***** DATA EXCERPT *****

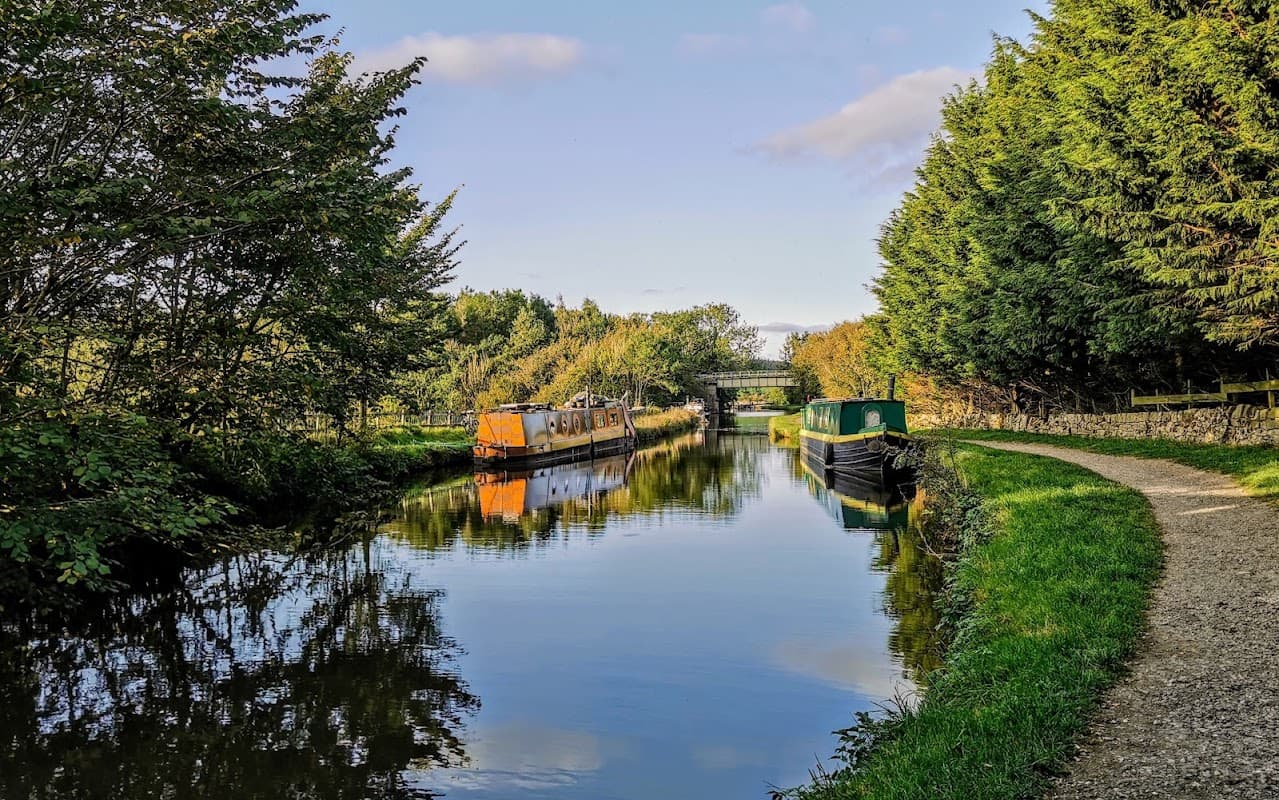 Calm canal scene with moored boats, lush greenery, and a path along the water under a clear blue sky.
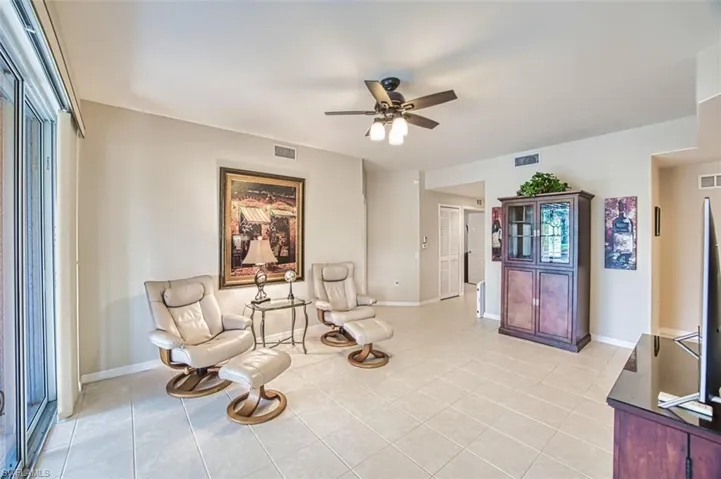 Living area featuring ceiling fan, light tile patterned floors, and baseboards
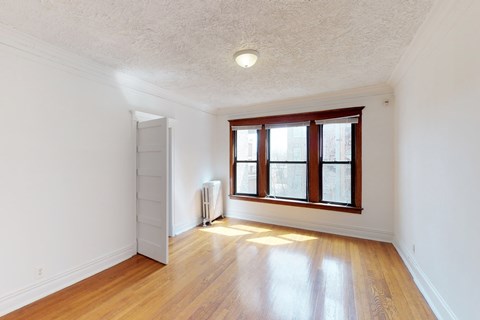 A room with a wooden floor and a window.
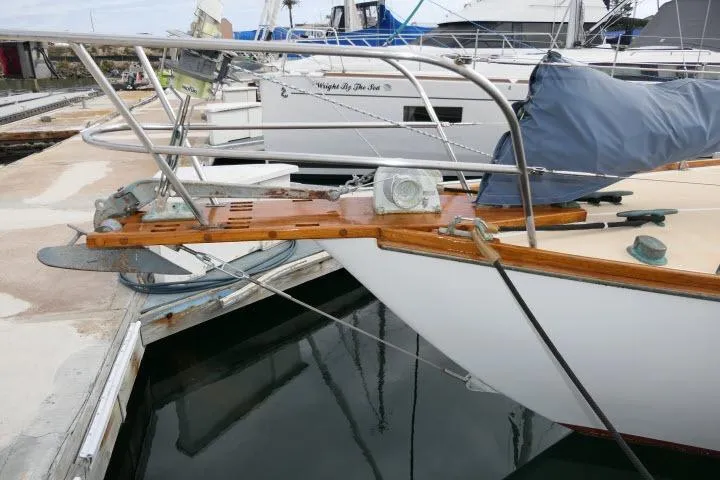 Slide: The Image of 1982 Cape Dory 36 sailboat docked, showcasing bow and deck details. - 43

*****

### EXERCISE DIRECTIONS
Only the lines from the line containing "Living area featuring" through the end of the material should be retyped, exactly and in full, with no pictures.

### RESPONSE BELOW
 Living area featuring ceiling fan, light tile patterned floors, and baseboards
 A room with a wooden floor and a window.
 Slide: The Image of 1982 Cape Dory 36 sailboat docked, showcasing bow and deck details. - 43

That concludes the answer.